Ben from Hove writes: As an ordinary lay person, I am baffled by the fact that well-organised pro-Palestinian protesters were able to close down the Ahava shop in Covent Garden by invading it and chaining themselves to a specially adapted concrete tube, and that a similar group burgled and trashed and temporarily shut down an entire factory near where I live last year. I read that both sets of protesters claimed legal justification in court as a defence to their actions. In a sane world, how can there be any such defence to such conduct?
Ben, I share your frustration, but let me explain how such people can mount a defence in law.
A famous appeal judge once said in an old reported case: "I am sure it is common sense. It is probably the law also for that reason".
I think he would be turning in his grave if he could see how activists have exploited (and I think perverted) ancient and respectable common law defences in what is a sophisticated strategy of "lawfare" aimed against Israel. In this they are often represented at public expense by able and highly motivated lawyers who share similar political views.
The English common law has for centuries recognised the following defences to criminal charges. It is a good defence (even to murder) if a person uses such force as is reasonable in the prevention of crime. And a person may do whatever is reasonably necessary in all the circumstances to prevent serious harm being done to the person or property of himself or another.

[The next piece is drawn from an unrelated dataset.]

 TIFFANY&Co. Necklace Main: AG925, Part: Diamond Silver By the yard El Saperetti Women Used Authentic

It is the magistrate or jury judging objectively who must decide whether the defendant has acted reasonably. Thus ,the homeowner who shoots the fleeing burglar in the back once the danger has passed, or the shopkeeper who breaks the arm of the schoolboy stealing sweets, ought not to succeed. However, all depends at the end of the day on the good sense of the tribunal. In this age of demonisation of Israel, this is not always forthcoming.
Moreover, where the offence of criminal damage is concerned, as was charged at Hove, Parliament in its wisdom has afforded a defence by statute, namely Section 5 of the Criminal Damage Act 1971, which in my opinion is extraordinarily over-generous. Such protesters are given a defence by simply claiming that they honestly believed their actions were protecting property belonging to others which was in imminent need of protection, and were reasonable in all the circumstances. There is no objective element required. It matters only whether they themselves honestly believed it. The prosecution must prove beyond reasonable doubt that they did not honestly believe it, for a conviction. It matters not if such beliefs were absurd.

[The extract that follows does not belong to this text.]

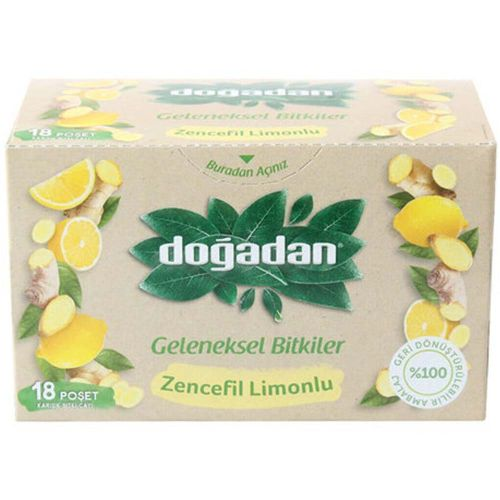 Doğadan Limon Zencefil Çayı 18 Adet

This defence was surely intended for genuine cases such as a man who demolishes his neighbour's house which is on fire in order to save his own. It is now being abused for purposes which Parliament cannot have intended. It was successfully employed at Hove to justify trashing the factory, on the basis that the components were believed (perhaps wrongly) to be going into warplanes which were destroying the homes of Palestinians in Gaza during Operation Cast Lead. All this was enthusiastically endorsed by Judge Bathurst-Norman in the notorious summing-up which later earned him a formal judicial reprimand.
More recently, the Ahava protesters claimed they were entitled to invade the shop because some of its products are made in a kibbutz situated in the West Bank on occupied Palestinian land. Thus, the products were mislabelled as "Made in Israel". They therefore claimed they were there to prevent crime, as trivial as trades descriptions on the one hand and as serious as war crimes on the other. District Judge Baker convicted them. Worryingly, he expressed his "considerable hesitancy" and punished them with a small fine.
Common sense seems often to go out of the window where anti-Israel protest is in play. Animal-rights protesters who disrupt animal testing laboratories, or the protesters against fox hunting, or globalisation, or the Iraq War, let alone the respectable ladies in the '80s who regularly disrupted the Greenham Common Air Base, or the CND sit-down protestors of the '60s, did not receive the indulgence now afforded to such Palestinian sympathisers by the police, the Crown Prosecution Service and the courts, it seems to me.
It is high time for Section 5 to be tightened, and for the courts to heed the warnings of Lord Hoffmann in a case in the House of Lords in 2006. He said that politically motivated vigilantism has no place in a civilised and democratic society, and that the criminal courts should refuse to countenance "the new phenomenon of litigation as the continuation of protest by other means".